Im Bereich Computerspiele hat sich das Interesse bei Frauen einfach noch nicht direkt durchgesetzt.
Früher konnte ich auch nicht in meinem Freundeskreis über das Thema reden, da keine irgendwie schon mal etwas auf dem Gebiet gemacht hat. Technikinteressiert sind sie auch nicht, also fiel schon mal ein sehr grosses Interessensgebiet von mir weg, über das ich mit anderen austauschen konnte.
Und ich kenne mich nicht in den Reality-Shows aus, die irgendwelche Supermodels, Superstars, Talente oder den nächsten Ehemann/Ehefrau suchen. Mühsam ist dies zudem mit mir anzusehen, denn die Shows provozieren mich zu Kommentare, die das Flair kaputt machen. Daran habe ich nicht wirklich Spass. Mir sind die kompletten Shows absolut egal und die Geschichten dahinter sind eh nicht echt, sind gestellt oder aufgebauscht.

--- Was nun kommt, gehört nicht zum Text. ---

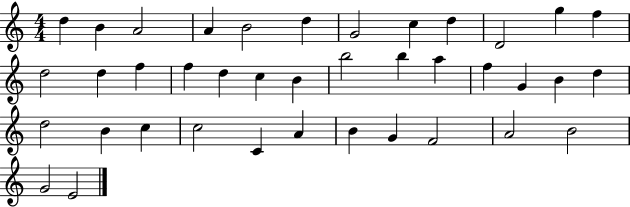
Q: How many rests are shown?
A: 0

Genau daran liegt das Problem, denn es gibt einige Bekannte, die sich das regelmässig ansehen und mitfiebern. Da gehöre ich eben nicht dazu.

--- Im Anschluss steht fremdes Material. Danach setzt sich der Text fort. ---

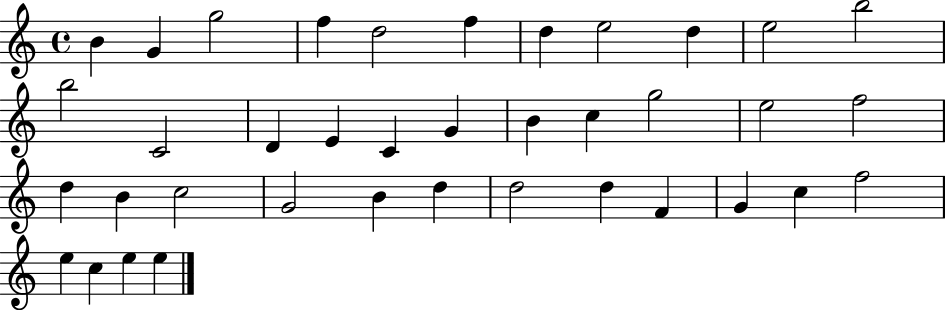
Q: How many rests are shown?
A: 0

Das geht weiter über Liebesfilme- und Komödien, die alle im selben Muster geschrieben sind. Manchmal kann ich mir die noch ansehen, aber so wirklich angesprochen fühle ich mich von denen auch nicht. Deshalb gehöre ich auch bei diesem Thema nicht zur weiblichen Mehrheit.

Wenn man aber wenig Freunde um sich hat, gilt das schnell als etwas abnormales. Freunde um sich zu haben ist aber wichtig. Viele sagen, wenn sich eine neue Beziehung aufbaut fallen Freunde weg. Letztendlich kann das schon stimmen, aber es verändert sich nochmals, wenn man mit dem Freund zusammen zieht. Man geht nicht mehr weg oder trifft sich nur noch mit anderen Paaren. Genau das ist mir aber zu langweilig, denn ich will noch ein getrenntes Leben von meinem Freund.
Im Moment habe ich das nicht, sondern nur das Leben während Vorlesungen und danach. Gerne würde ich zu ein paar Leuten sagen, die ich besser kennen lernen will, ob man auf ein Bier kurz weggehen will.
Dabei will ich aber auch gleichzeitig einen Frauenabend ohne Männer. Genau dieser ist aber schwer zu bekommen, denn ich denke etwas anders als die meisten Frauen, die ich bis jetzt getroffen habe.

Es gibt ein paar Themen, bei denen ich mich nicht so angenommen fühle: Blumen, Geschenke, Einladungen oder Essen-Zahlen. Denn ich halte Blumen zwar für schön, aber überbewertet. Das heisst, wozu Schnittblumen kaufen, wenn sie nach drei Tagen sowieso schon eingehen.
Auch Geschenke sind zwar schön, aber auch der Mann wird ab und an gerne umworben. Das gilt auch bei Einladungen, die nicht immer nur vom Mann ausgehen müssen. Wenn ich selber Geld verdiene, ist es unfair den Mann beim Essengehen meistens zahlen zu lassen.

Die grösste Differenz sehe ich beim Thema Familie und Kinder.
Ich war in einer Gruppe unterwegs und sprachen über Gott und die Welt, dabei kamen wir auf dieses Thema.
Darunter war auch eine ehemalige Kollegin, die einen fünf Jahres-Masterplan bis 30 Jahre hatte. Dazu gehörte auch, bis zu diesem Zeitpunkt das Studium abzuschliessen, einen Mann zu finden und schliesslich ein Kind zu bekommen. Dann wurde ich auch gefragt, wie ich zum Thema stehe. Da ich etwas älter bin, meinte ich, dass ich das bis 30 Jahre nicht hinbekommen werde. Nach dem Studium will ich zuerst Arbeitserfahrung sammeln und dann kommt irgendwann eine Familie. Allerdings ist dies im Moment nicht in meinem Plan und Kinder sind mir dabei nicht so wichtig. Mit der Einstellung war ich ziemlich alleine und fühlte mich ziemlich in die Ecke getränkt.Vielleicht liegt es daran, dass ich meine Meinung sage, die manchmal radikal ist und zudem nicht in der Mehrheit liegt.
Mit keiner aus dieser Gruppe wurde eine nähere Bekanntschaft, die zum weiteren Essengehen reichen würde.